The Penguin Classics edition of excerpts from Henry Mayhew’s London Labour and the London Poor includes some illustrations from the original books. Volume I was devoted to street sellers, while Volume II takes up some of the other occupations we know from the Victorian novelists: mudlarks, chimney sweeps, crossing sweepers and dust-yard workers.
The prosperous dustman is an important character is Dickens’ Our Mutual Friend. A fortune could be made from dust, and Mayhew explains how it is done. A dust contractor gets a contract with a parish to haul away its dust, mostly the residue from the thousands of coal fires. The dust is carted to a dustyard, where it is sifted, so that the particulate matter can be sold for enriching soil and making bricks. Men shovel the dust to women who wield great sieves, as shown in the illustration.

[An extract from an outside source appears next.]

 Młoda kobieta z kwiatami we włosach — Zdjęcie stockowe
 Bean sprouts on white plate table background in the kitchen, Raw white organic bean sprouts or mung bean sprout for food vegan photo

In a dust-yard lately visited the sifters formed a curious sight; they were almost up to their middle in dust, ranged in a semi-circle in front of that part of the heap which was being worked; each had before her a small mound of soil which had fullen through her sieve and formed a sort of embankment, behind which she stood…. Their coarse dirty cotton gowns were tucked up behind them…; over their gowns they wore a strong leathern apron, extending from their necks to the extremities of their petticoats…. In the process of their work they pushed the sieve from them and drew it back again with apparent violence, striking it against the outer leathern apron with such force that it produced each time a hollow sound, like a blow on the tenor drum.
The workers begin as children, since even small children can retrieve items from the dust. They continue in the life as adults because that is all they know. They are poorly paid, but they value the work because it is “steady,” unlike selling on the street.
Mayhew has really been there and seen how it was done. His descriptions of the other occupations and interviews with the workers are similarly concrete, whether of mudlarks searching for items in the Thamses mud or chimney sweepers visiting the public baths — some daily, some weekly, and some not at all.